There is an irony to this, of course. Back in the 1970s it was Takada who brought a much-needed dose of colour and pattern to womenswear and menswear alike, when he moved from his native Japan to – if all had gone to plan – spend a brief sojourn amid the stuffy traditionalism of Parisian couture culture. The designer, who recently turned 80, still lives there today.

He’s still designing too. Indeed, 20 years on from leaving the company he’d sold to LVMH a few years prior for a reported US$80.5m, he’s back making clothes: a collection of costumes for a production of Madame Butterfly in Japan later this year.

Recent years have seen him design furniture lines for the French manufacturer Roche Bobois – notably a reworking of its Mah Jong Sofa – and create fragrances for Avon. He has a homewares collection in the pipeline too. This said, he doesn’t much miss the clothing.

“When I left the group [LVMH] I thought I’d just go on holiday for ever,” Takada chuckles. “But I soon found that I was itching to design something. I had to get back to work. I missed the excitement, the team relationships, and the creativity of course. When you’re designing clothes for the public to wear you actually have to think very practically, much more so than the idea of fashion suggests. How will the garment fit? How will it wear? Designing costumes for opera [in contrast] is all about visual impact, but that’s interesting in its own right – does it fit in with the set decoration? What’s it like to move in?

“But it’s hard work,” he adds. “And the hard work is one reason why I’m curious about designing other things than just clothes now – because there’s no backing away from fashion once you’re in it. You have to be there working on it every single day, all the time. The pace is much slower when you’re designing some furniture. You’re not having to think about ‘the season’ all the time. And that’s how I like it now.”

Perhaps this shows in his face – Takada looks at least a decade younger than he is, which he puts down to yoga and, well, working less. Perhaps this is simply a recognition that he’s done enough. After all, Kenzo Takada didn’t just introduce the vibrancy of the full spectrum to an otherwise rather dominant sobriety in fashion.

He also opened the way to the west for other Japanese designers. Once Takada’s label had become hot property for the cool crowd, with the likes of Jerry Hall and Grace Jones clamouring to be his muses, western fashion houses started to look to the east in their hiring. The likes of Issey Miyake and Yohji Yamamoto would also subsequently find a footing in Europe.

I’m proud that maybe I brought something worthwhile to the world – a touch of joie de vivre, a bit of a change

Takada’s company was also the first to launch a collaboration with a high-street retailer, The Limited, a move that was considered so controversial at the time that a number of his high-end stockists refused to re-order from him. It was Takada who also brought in the then radical idea of allowing people to buy direct from a catwalk show, even if, he says, the idea was driven more by the need for cash flow than any attempt to overturn the system. Above all – at least in terms of lasting impact – Takada drove affordability in ‘designer’ clothing.

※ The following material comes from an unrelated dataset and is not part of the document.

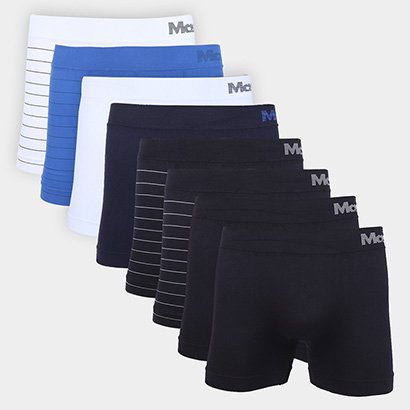 Kit Cueca Boxer Mash Listrada Masculina 8 Peças - Masculino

“If I made one major contribution to fashion it was helping to bring some accessibility to it. What I did wasn’t exactly basic but it wasn’t couture either, and this was at a time when French fashion at least was really all about couture. It created a new market in a way. At the time you don’t really realise that what you’re doing might be in some way new, because everything is going so fast. That said, I consider myself really lucky because it was exactly the right time for what I happened to do.”

That modesty also belies the battles he fought to make it as he did – such that it’s no surprise kicking back is a temptation. He started out by going against the wishes of his father to attend the Bunka Fashion School in Tokyo shortly after it first began to accept male students. “Now I look back, applying for a place there felt like a brave thing to do,” Takada recalls. “Men just weren’t accepted in the fashion world [in Japan] back when I applied to the college and so there were no real jobs [for men] either.”

On his graduation in 1964, Takada decided to visit Paris – but, lacking the funds to fly, ended up taking a boat, a journey of several months that at least included what would prove inspirational stop-offs in Asia, India and Africa. The long way round, you could say.
“It was really a dream for me to go to Paris. There was the Nouvelle Vague and Paris was in all the movies I watched. It was 60 years ago but I still remember arriving at the Gare du Nord and thinking ‘my god, I’ve made a big mistake here’. Everything was so dark and dirty.

It was only when I got to see Notre Dame illuminated that I changed my mind. “But I never really hoped to work in fashion in Paris – because I kept being told that it would be impossible for a Japanese person to do so,” Takada adds. “At the time Japan had the same image that, say, China had ten years ago – and that wasn’t a good image. There was this sense that nobody from Japan could be competent. So I thought I’d just be there for five or six months – that was before I found I could make a living as an illustrator.”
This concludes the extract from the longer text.